Yeah, and I think cancer is such an emotive thing because most people know someone - a relative or a friend - that has experienced it. When I was growing up, the reason why I went into cancer research was because my granddad died of lung cancer when I was 14, I didn’t really understand the concept that there wasn’t a single cure for cancer, but I wanted to help with the effort. But I think, whatever your best intentions are, especially as an individual researcher like a PhD candidate, you can’t really change what’s being funded. You don’t really have much say over what projects you do, you just choose between projects that are being funded and go for it. If you stayed and worked in science you could have an impact on what kind of research is funded, but it’s difficult because deciding what gets funded is more of a political issue. There’s a body called the National Institute for Clinical Excellence (NICE) and they make a lot of decisions about what gets funded - BBSRC (Biotechnology and Biological Sciences Research Council) decides a lot of the funding. But there are charities that fund things independently, so that’s how you change things being funded. But it definitely is a difficult one.
How did you find research in general? I read a very interesting Chemistry World article that said 2/3 of people in academia would consider leaving in the next 5 years or so?

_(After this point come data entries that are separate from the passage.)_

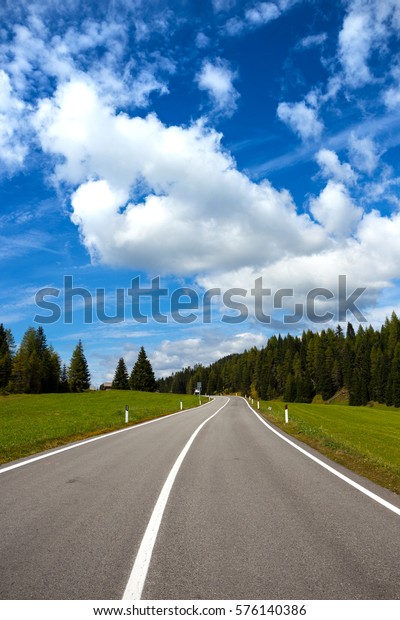 Mountain road at\
the mountains Dolomites,\
Italy\
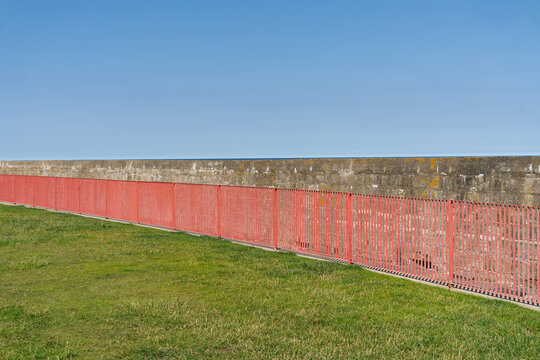A vibrant red metal fence stretches across green grass, bordered by a textured concrete sea wall under a bright blue sky.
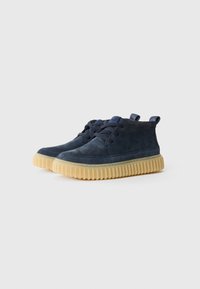 Navy blue suede shoes with a rounded toe and textured upper, featuring a gum rubber sole with vertical ridges and lace-up design.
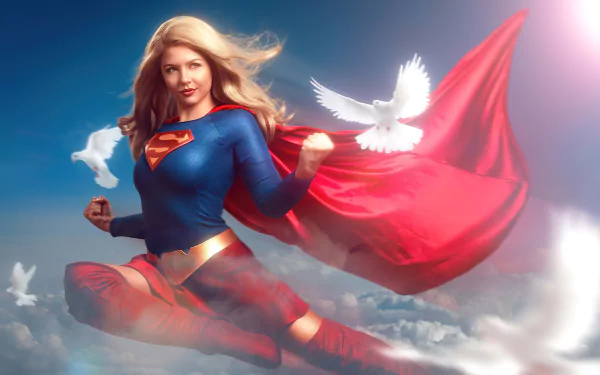 Supergirl cosplay (DC Comics): woman in blue-and-red suit with flowing cape and white doves over clouds — 8K Ultra HD PC desktop wallpaper/background.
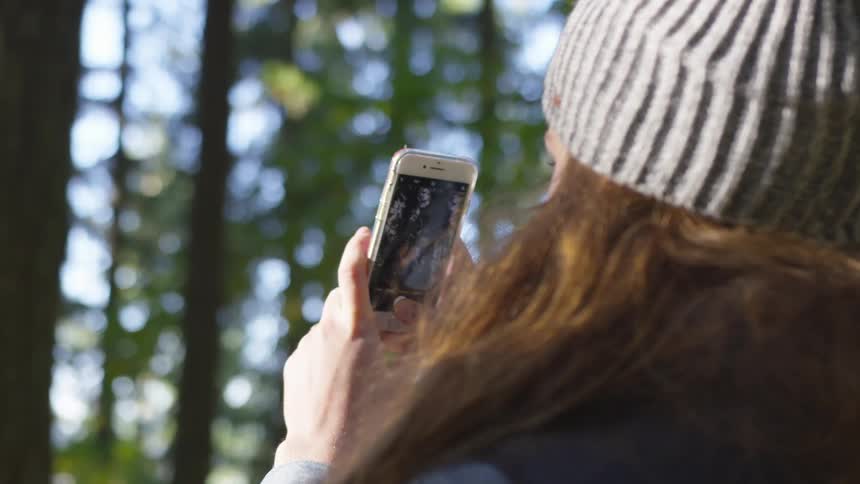 Woman who wears wooly hat takes picture of trees with smartphone camera in the forest by day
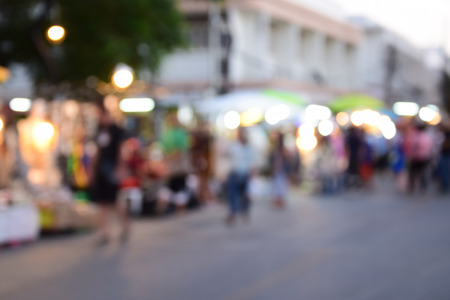 blurred image people walking street marketの写真素材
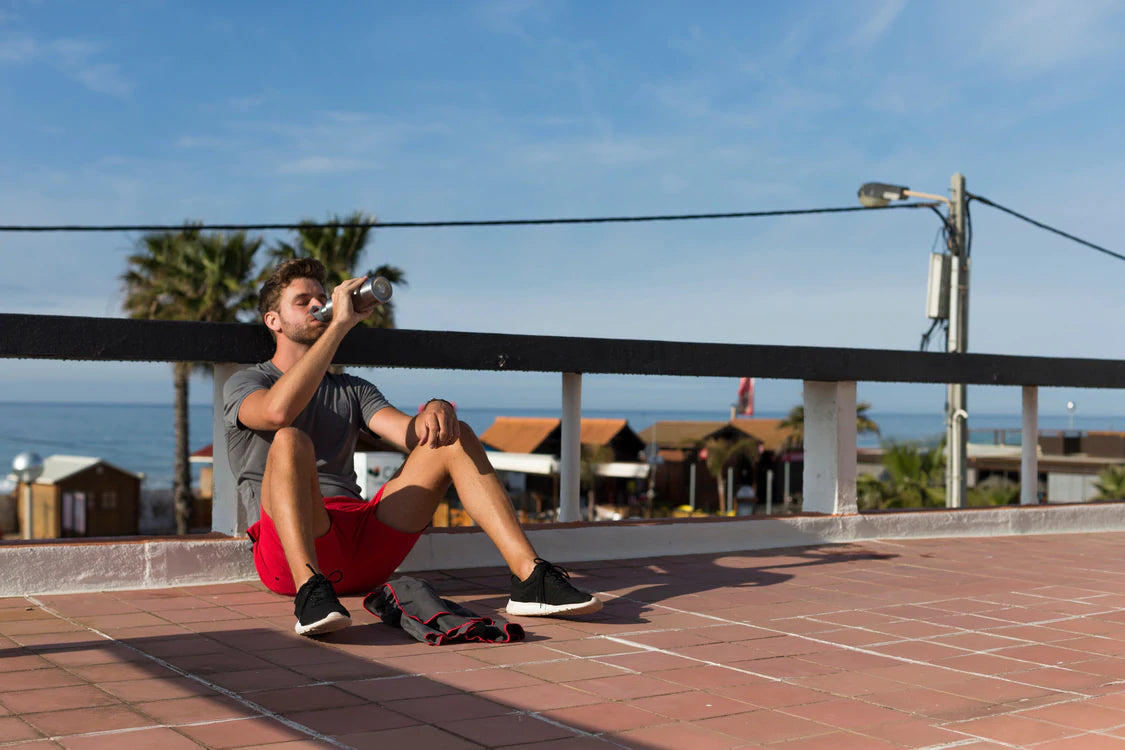 man drinking from water bottle after run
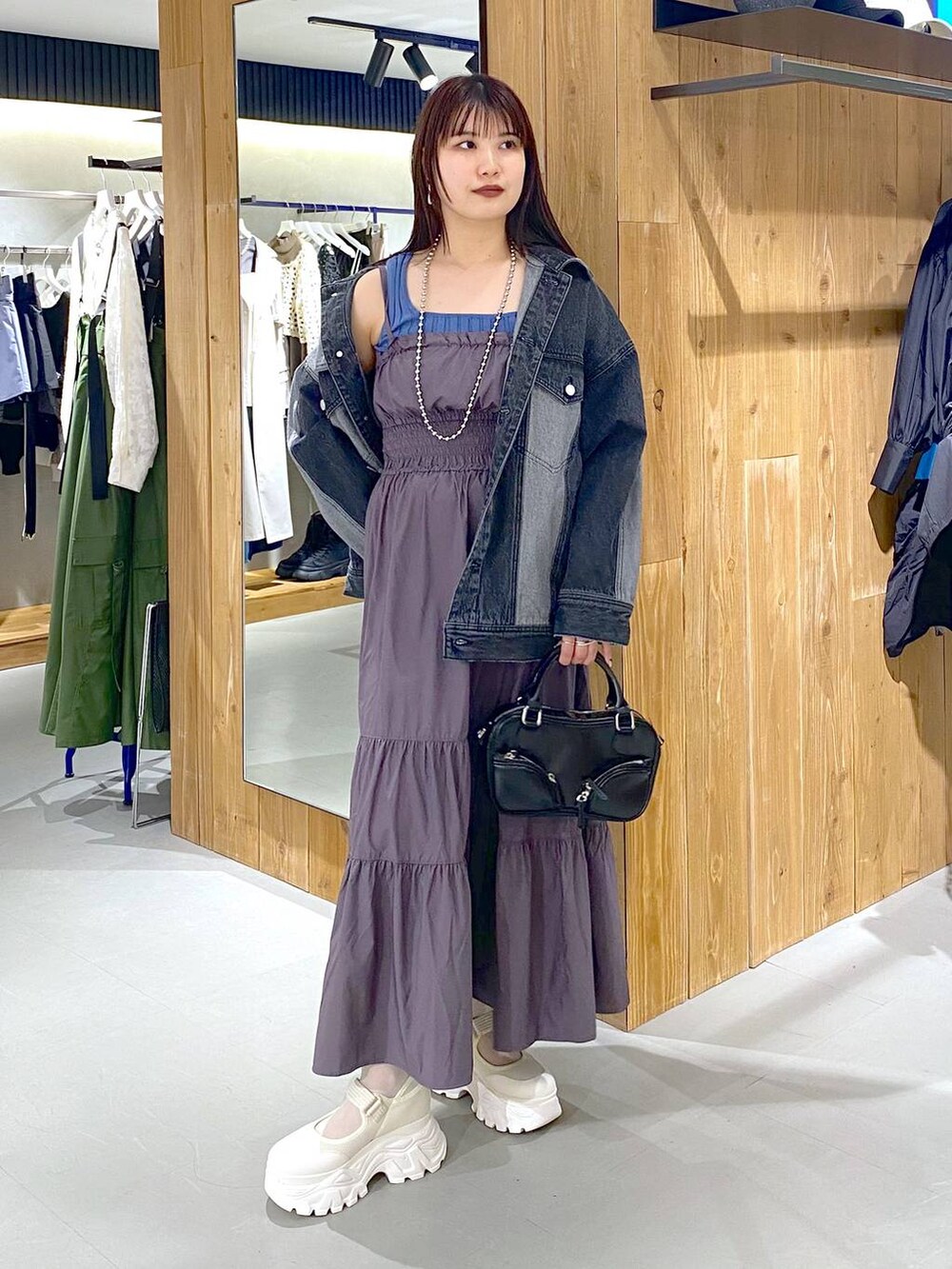 ブルー系のタンクトップ、ブラック系のデニムジャケット、ブラック系のボストンバッグを着用したレディースの春コーディネートの5枚目の写真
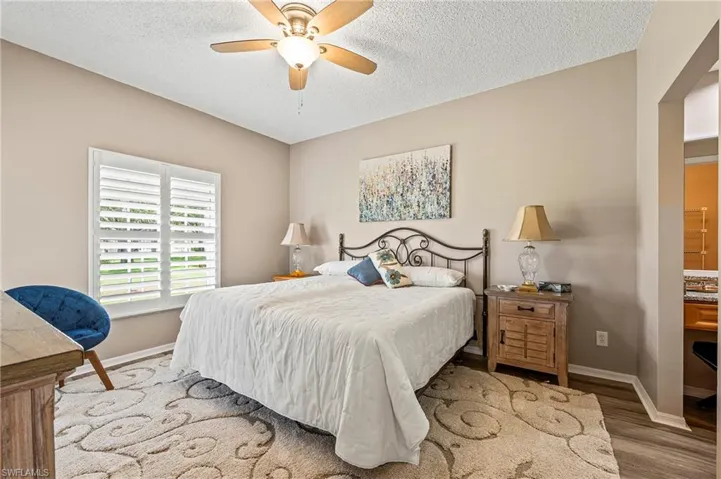 Bedroom featuring a textured ceiling, wood finished floors, and ceiling fan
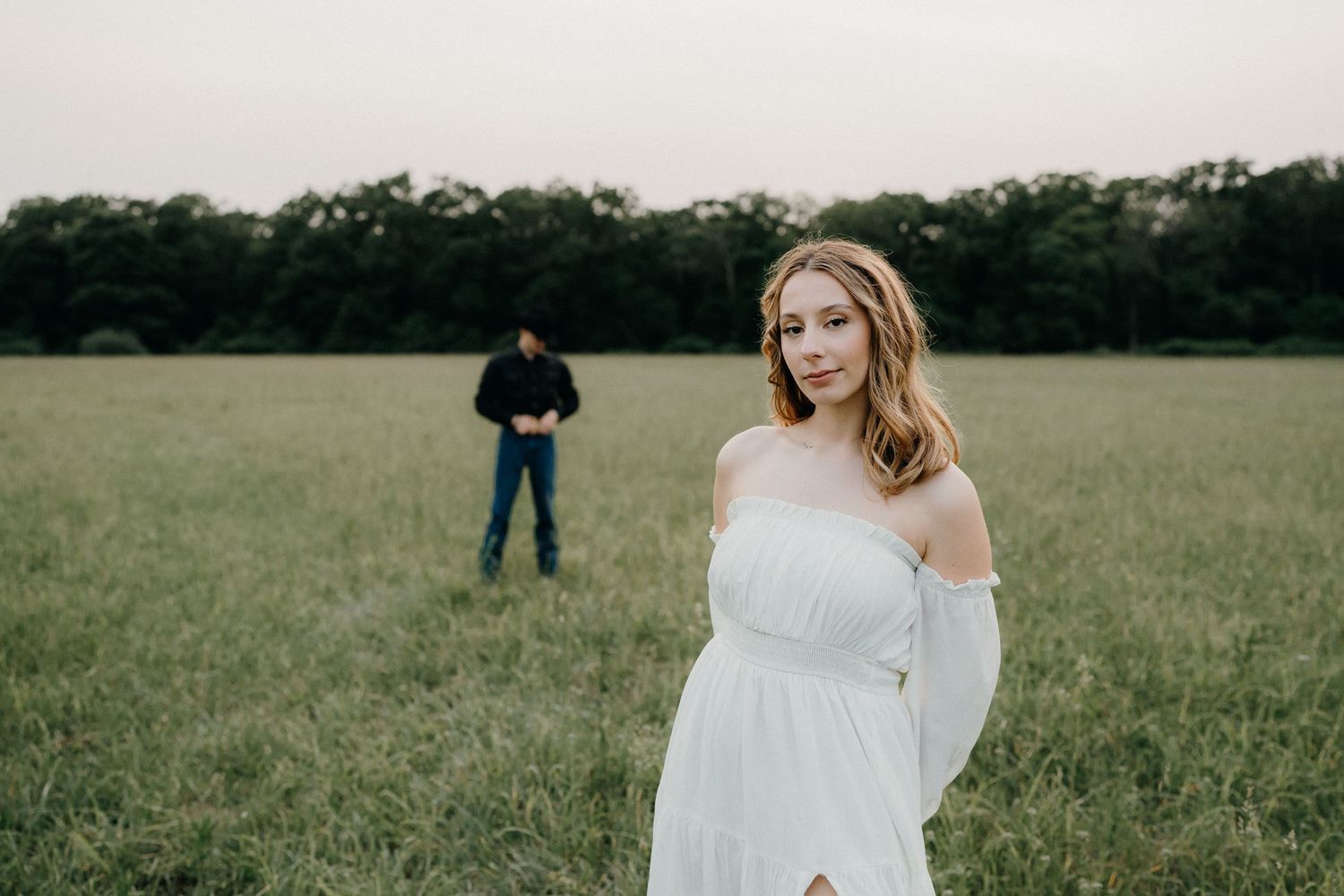 A romantic photoshoot in a serene meadow with trees in the background during golden hour.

I left research - I did enjoy it, and I found a lot of things I did interesting. I loved going to Diamond Light Source and I did projects in different places around the world as well and they were really interesting! But the thing that I missed in doing research was I spent a lot of time doing crystallography...
By yourself?
Well, with this big robot thing. Occasionally some people would come in to check their crystals, say “Hi” and go, and I’d be stuck in this basement for quite a long time. Or I’d be pipetting stuff for hours on end. It is interesting, but the day-to-day bit that I missed was the social aspect. I’ ve always enjoyed science communication, and one of the things I considered going into at university was science communication and science writing, like you ’re obviously interested in.
(Lily and Vanessa laugh)
So I considered doing a Master’s in science writing! I really missed the human aspect while working in research, and the nice thing about working here is being able to work with talented colleagues and interested pupils, and obviously have an impact on what they go on to study and what they do with their futures. I feel like I enjoy that more, having an overview of science. When you work in science, it can get really specific when you focus on only one project which is really, really interesting, but quite narrow. On the other hand, when you ’ ve involved in things like science writing or teaching, you get a much broader overview of everything. But it is fascinating to be at the cutting-edge of science - I really enjoyed it. I also think another issue with losing people from science is that women tend to struggle to move up the academic pathway. The proportion of women decreases from undergraduate, to master’s and PhDs and postgraduate students and professors. I think that should be addressed as well - why is that? I think they should look into it! Where have all the women gone? I was really lucky - when I was an undergraduate, I had a really, really inspirational female professor, Elspeth Garman, who did X-ray crystallography and I did my undergraduate project with her. She inspired me to carry on with research!